◆ **PROBLEM DETAILS**:
Exactly as they appear, please output the lines from the one with "kitchen with dark" through the end of the material, without pictures.

◆ **RECORDED INFORMATION**:
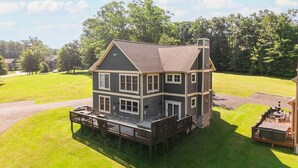 A two-story house with a deck, surrounded by a grassy yard and trees.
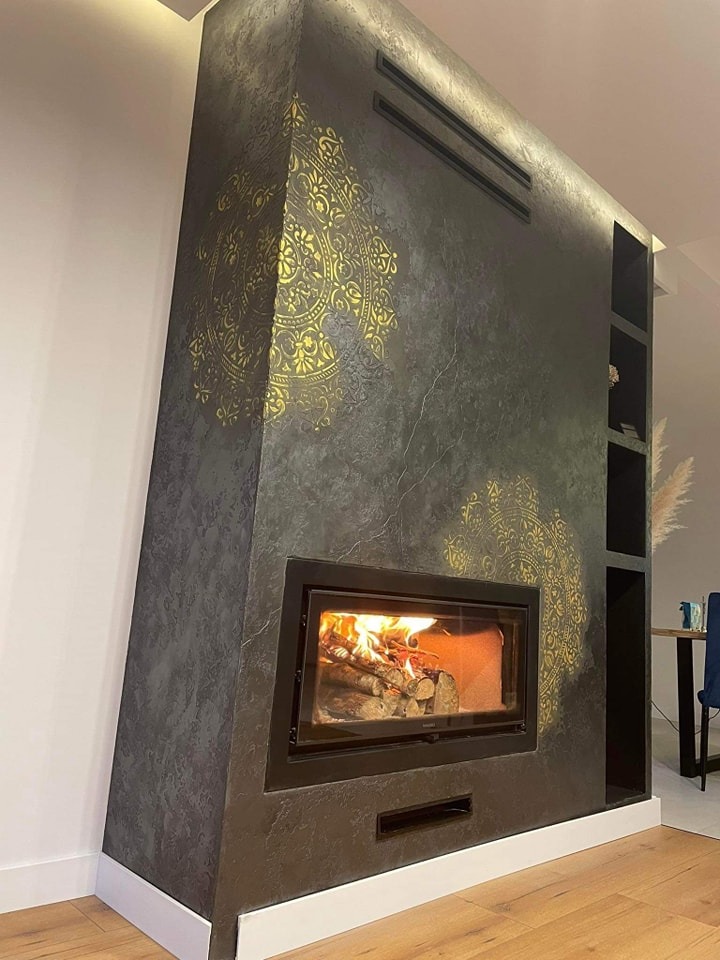 Nowoczesny kominek z czarną obudową, zdobiony złotymi, orientalnymi wzorami, z palącym się drewnem wewnątrz i półkami po prawej stronie.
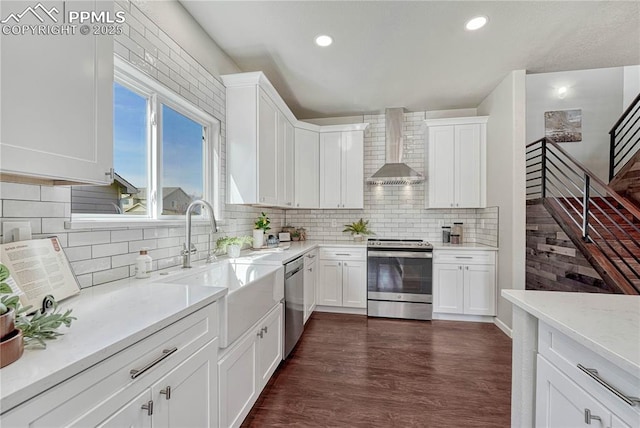 kitchen with dark wood finished floors, wall chimney exhaust hood, white cabinetry, and appliances with stainless steel finishes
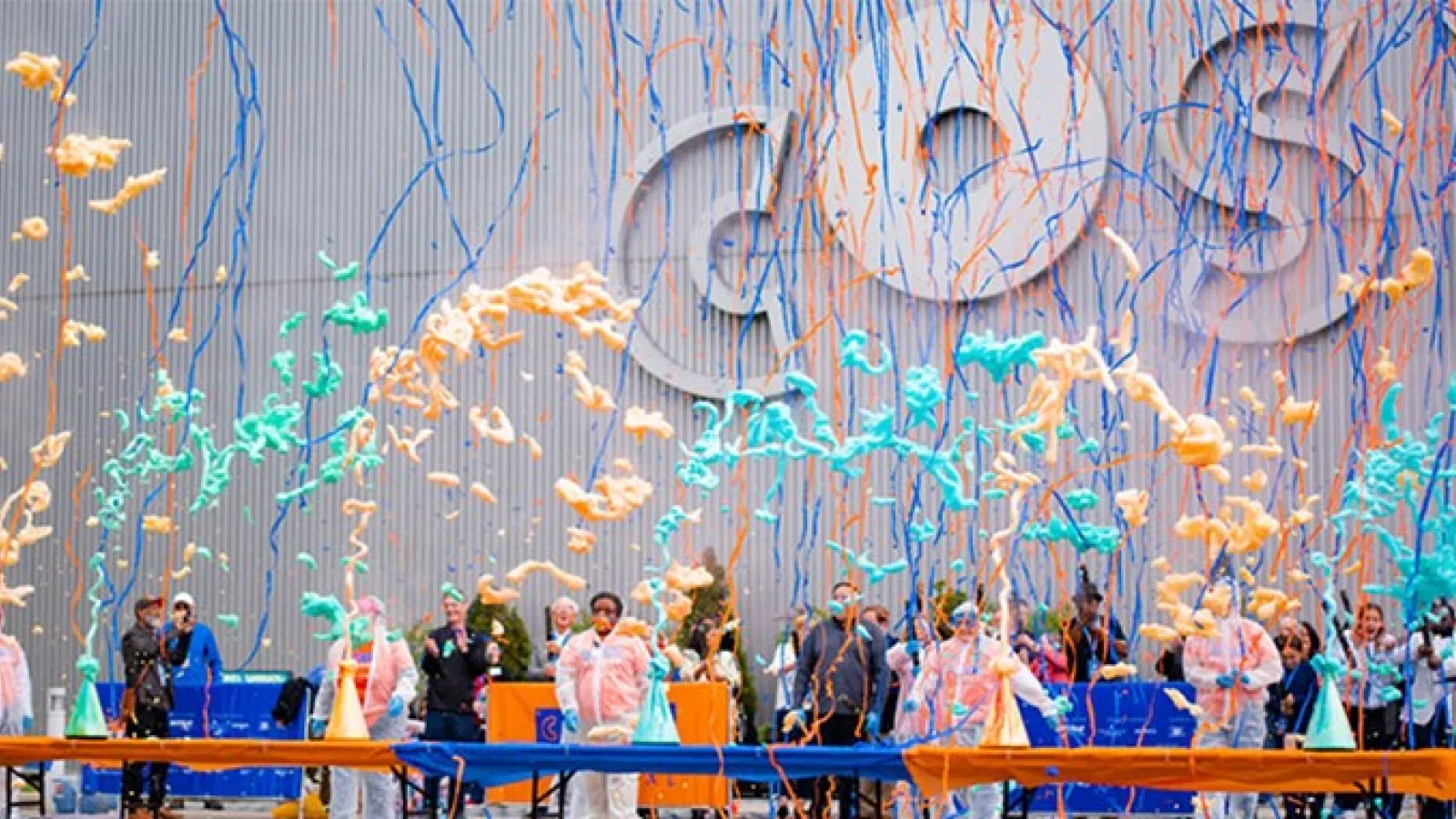 A number of colorful beakers erupt with slime into the air in front of the COSI building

◆ **TASK RESULT**:
 kitchen with dark wood finished floors, wall chimney exhaust hood, white cabinetry, and appliances with stainless steel finishes
 A number of colorful beakers erupt with slime into the air in front of the COSI building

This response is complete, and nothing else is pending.